## Material for this task
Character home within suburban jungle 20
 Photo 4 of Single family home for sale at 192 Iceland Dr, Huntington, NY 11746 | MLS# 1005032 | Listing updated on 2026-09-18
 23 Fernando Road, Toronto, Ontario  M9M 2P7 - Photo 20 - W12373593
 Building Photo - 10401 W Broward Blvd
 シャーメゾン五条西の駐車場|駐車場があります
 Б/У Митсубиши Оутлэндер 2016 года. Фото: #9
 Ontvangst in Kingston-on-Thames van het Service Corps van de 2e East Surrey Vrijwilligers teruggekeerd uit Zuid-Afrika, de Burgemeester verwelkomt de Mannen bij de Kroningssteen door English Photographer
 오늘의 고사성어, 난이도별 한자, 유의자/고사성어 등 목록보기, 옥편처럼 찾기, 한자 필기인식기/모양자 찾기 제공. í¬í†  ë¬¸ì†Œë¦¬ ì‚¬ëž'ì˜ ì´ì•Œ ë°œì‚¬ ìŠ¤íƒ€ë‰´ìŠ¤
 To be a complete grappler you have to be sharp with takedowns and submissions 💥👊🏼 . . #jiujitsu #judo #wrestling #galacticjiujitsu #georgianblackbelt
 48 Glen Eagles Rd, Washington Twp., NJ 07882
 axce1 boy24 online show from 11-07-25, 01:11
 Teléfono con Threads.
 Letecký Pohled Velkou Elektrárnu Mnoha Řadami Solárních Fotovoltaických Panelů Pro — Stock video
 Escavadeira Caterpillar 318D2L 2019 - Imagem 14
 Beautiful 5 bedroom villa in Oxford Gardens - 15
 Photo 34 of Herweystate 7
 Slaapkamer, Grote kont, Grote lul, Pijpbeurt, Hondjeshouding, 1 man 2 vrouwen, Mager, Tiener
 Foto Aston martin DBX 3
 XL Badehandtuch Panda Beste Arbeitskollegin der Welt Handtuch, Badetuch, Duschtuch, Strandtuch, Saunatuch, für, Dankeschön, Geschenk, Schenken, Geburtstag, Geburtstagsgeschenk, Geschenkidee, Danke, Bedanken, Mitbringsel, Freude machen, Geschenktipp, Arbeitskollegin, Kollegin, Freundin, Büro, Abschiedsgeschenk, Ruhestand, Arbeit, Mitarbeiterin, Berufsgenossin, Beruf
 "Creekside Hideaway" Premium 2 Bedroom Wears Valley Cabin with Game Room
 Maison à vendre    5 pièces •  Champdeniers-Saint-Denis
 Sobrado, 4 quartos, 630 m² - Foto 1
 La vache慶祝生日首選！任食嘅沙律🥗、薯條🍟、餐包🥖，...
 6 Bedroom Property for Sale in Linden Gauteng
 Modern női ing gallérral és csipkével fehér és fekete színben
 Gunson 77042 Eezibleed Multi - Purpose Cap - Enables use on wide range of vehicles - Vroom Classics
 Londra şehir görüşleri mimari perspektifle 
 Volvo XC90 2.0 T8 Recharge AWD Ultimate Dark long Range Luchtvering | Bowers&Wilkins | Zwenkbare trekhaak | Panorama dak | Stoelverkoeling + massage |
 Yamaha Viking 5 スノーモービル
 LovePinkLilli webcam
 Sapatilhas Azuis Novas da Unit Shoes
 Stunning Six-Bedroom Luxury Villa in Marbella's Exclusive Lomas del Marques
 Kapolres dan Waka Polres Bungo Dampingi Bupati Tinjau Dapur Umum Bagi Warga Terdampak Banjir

## Work task
From the listing above, repeat exactly the lines starting at the line that includes "오늘의 고사성어, 난이도별" and ending at the line that includes "Foto Aston martin DBX 3", with nothing outside that span.

## Output of the exercise
 오늘의 고사성어, 난이도별 한자, 유의자/고사성어 등 목록보기, 옥편처럼 찾기, 한자 필기인식기/모양자 찾기 제공. í¬í†  ë¬¸ì†Œë¦¬ ì‚¬ëž'ì˜ ì´ì•Œ ë°œì‚¬ ìŠ¤íƒ€ë‰´ìŠ¤
 To be a complete grappler you have to be sharp with takedowns and submissions 💥👊🏼 . . #jiujitsu #judo #wrestling #galacticjiujitsu #georgianblackbelt
 48 Glen Eagles Rd, Washington Twp., NJ 07882
 axce1 boy24 online show from 11-07-25, 01:11
 Teléfono con Threads.
 Letecký Pohled Velkou Elektrárnu Mnoha Řadami Solárních Fotovoltaických Panelů Pro — Stock video
 Escavadeira Caterpillar 318D2L 2019 - Imagem 14
 Beautiful 5 bedroom villa in Oxford Gardens - 15
 Photo 34 of Herweystate 7
 Slaapkamer, Grote kont, Grote lul, Pijpbeurt, Hondjeshouding, 1 man 2 vrouwen, Mager, Tiener
 Foto Aston martin DBX 3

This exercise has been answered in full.